How To: Recall

Recall is easily the most important skill you can teach your dog. It not only helps keep them safe, but also helps keep other people and animals safe. Recall is difficult to teach a dog because often times we’re recalling them away from things that they find lots of value in. It is not in the dog’s nature to readily give up on something they fine value in. When training recall, we do our best to condition the dog to respond in a particular way to the recall so that they don’t even really think much about the decision to recall. The process itself is fairly simple, the difficult part of the training process is patience and consistency. 

Step 1: Building Engagement

Before we can expect our dogs to come back to us on their own, we have to teach them that there is lots of value in being in our space. One of my favorite games to do with a dog is “Treat & Toss”. In this game you practice a repeating pattern of tossing a treat away and rewarding when the dog comes back to you. During this game, you can add movement to keep the dog excited and practice increasing the distance the dog has to travel to get back to you. In this stage of the training process I am NOT adding in a recall cue or any other cues.

Step 2: Rewarding Check-Ins

Check-ins are any time your dog looks at you or comes over to investigate what you’re doing. Rewarding these moments, especially when the dog is loose or on a long line, will build their awareness of where you are and build their desire to be around you. If the dog is interested in where you’re at, what you’re doing, and what they might be able to get from you, they’ll learn recall faster. By teaching your dog to check-in, you’ll also find that your dog will need to be recalled less often.

Step 3: Choose a Designated Recall Reward

Choose something easily portable that your dog absolutely loves and make it their “designated recall reward”. This reward is going to be something they don’t get for anything else but recall. I personally like to use pepperoni. By having a “designated recall reward” you teach the dog that there is lots of value in come back when they’re called.

Step 4: Introducing the Cue

When deciding what cue you want to use for recall, you want to pick something distinct and something you won’t say too often. Your recall needs to be something that your dog only hears when they need to recall. When training recall we try to balance on the line between doing enough repetitions and doing it so often that the dog no longer accepts being called away from what they were doing, interesting. When introducing the cue we want to do it in an area that isn’t going to cause a lot of conflict in the dog. I will usually begin in a back yard or other area that your dog is familiar with. We don’t want to be competing with the environment more then necessary.

To introduce the cue, begin by playing your “Treat & Toss” engagement game with your normal treats to get the dog into a familiar pattern of returning to you for a reward.
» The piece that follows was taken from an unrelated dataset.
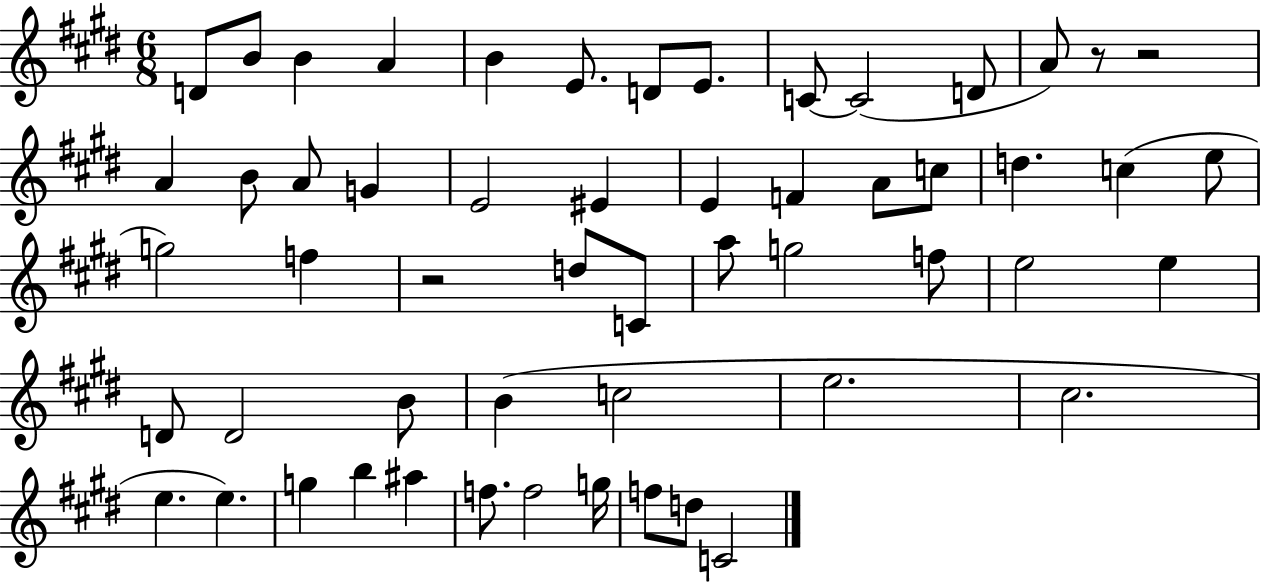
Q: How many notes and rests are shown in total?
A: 55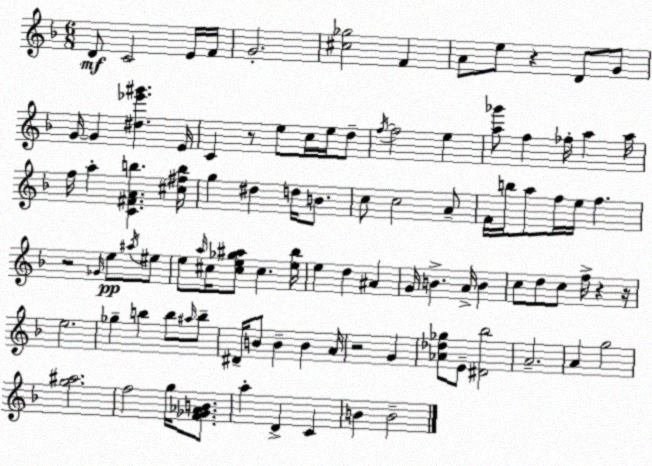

After your dog is consistently returning to you enthusiastically for their regular reward, you can prepare to use your “designated recall reward”. Toss one of their regular treats away, then as they turn to come back to you give the dog your recall cue. When your dog returns to you, give them several pieces (or licks) of their “designated recall reward” then toss a regular treat away to reset the game. Return to playing the game with just the regular rewards for a few more repititions then give the dog the recall cue and their “designated recall reward”.

This process of playing the game with the normal treats and only occasionally using the special treat will build an incredibly positive association with returning to you after hearing the recall word. Keep the game very short, only using the recall word 2-3 times in a single session. With recall, the quality of the practice is more important than the quantity.
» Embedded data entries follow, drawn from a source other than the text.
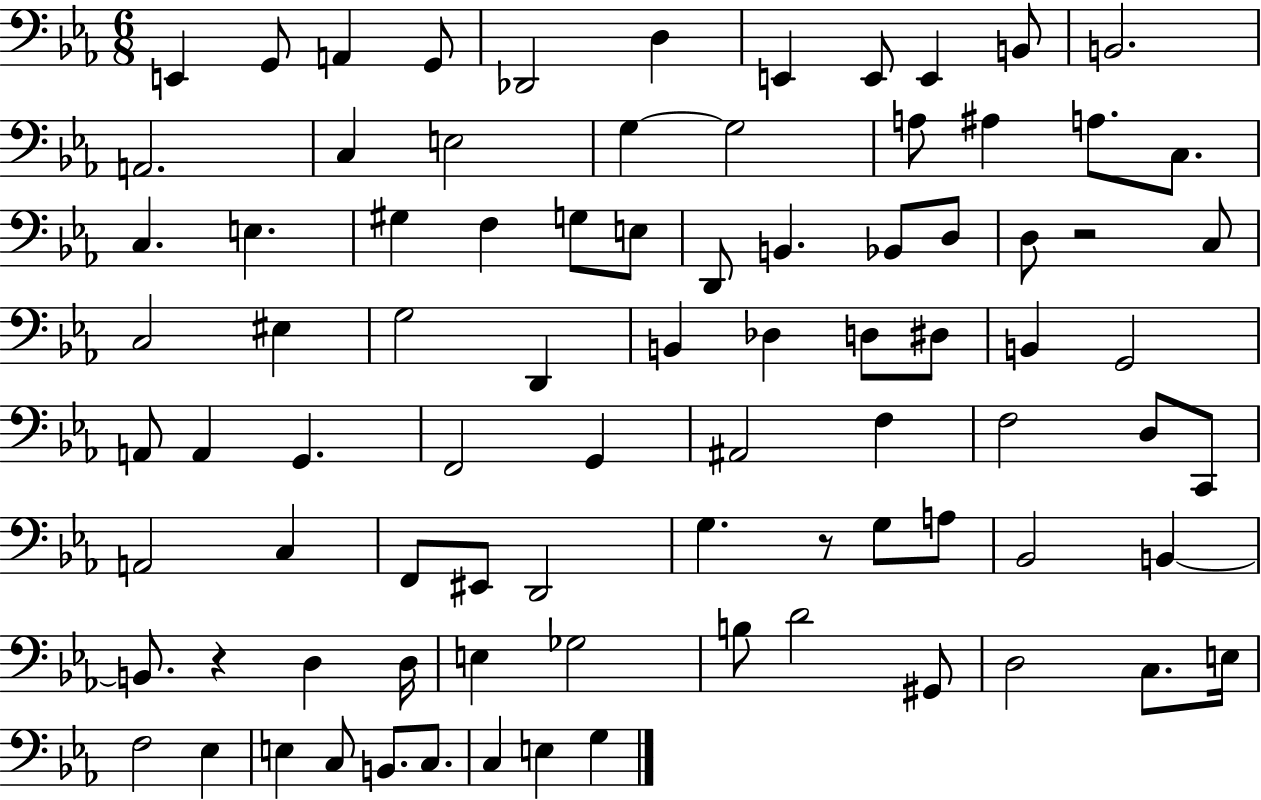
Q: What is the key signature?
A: EES major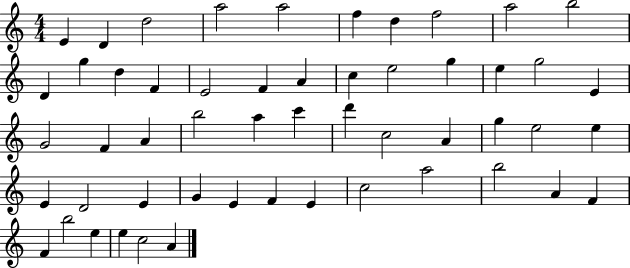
X:1
T:Untitled
M:4/4
L:1/4
K:C
E D d2 a2 a2 f d f2 a2 b2 D g d F E2 F A c e2 g e g2 E G2 F A b2 a c' d' c2 A g e2 e E D2 E G E F E c2 a2 b2 A F F b2 e e c2 A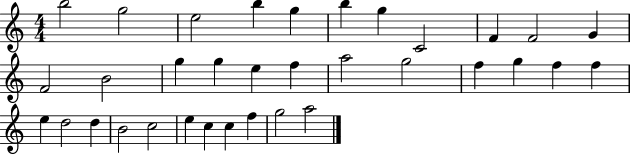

Step 5: Preparing to be Off Leash

Before we can expect our dog’s to be able to recall when off leash, they must be able to do it consistently when on a leash. For this we utilize long lines. Typically I will choose a 30ft long line to practice with. When on the long line, allow your dog the chance to roam and sniff. Reward the dog every single time they check-in they offer. Once your dog has gotten over the initial excitement and novelty of the environment, play a few rounds of the “Treat & Toss” game with the added reps of the recall cue and reward. Remember to keep it short and fun! After a few rounds of the “Treat & Toss” game, allow your dog to sniff and explore on the long line.
When you notice your dog take a small break from intense sniffing, give them your recall word and start back peddling. Allow yourself to hit the end of the long line and keep moving if your dog doesn’t start coming towards you. Apply consistent pressure until the dog turns and begins coming in your direction. By turning towards you they will relieve the pressure on their own and you can continue to back peddle. When your dog reaches you, give them a little bit more of their “designated recall reward” then you’ve given them in the past. Once your dog has gotten their reward, allow them to go back to wandering. Only practice this once every 15min or once every session depending on how long your sessions run. In the meantime, focus on rewarding for offered engagement with their regular rewards.

Your dog will not be ready to be off a long line until they can consistently recall without any added pressure on the long line in a variety of environments with different levels of distractions. If you’re not sure if your dog is ready, play it safe and have them drag the long line behind them as they wander.

Remember to obey all leash laws regardless of how well your dog can recall.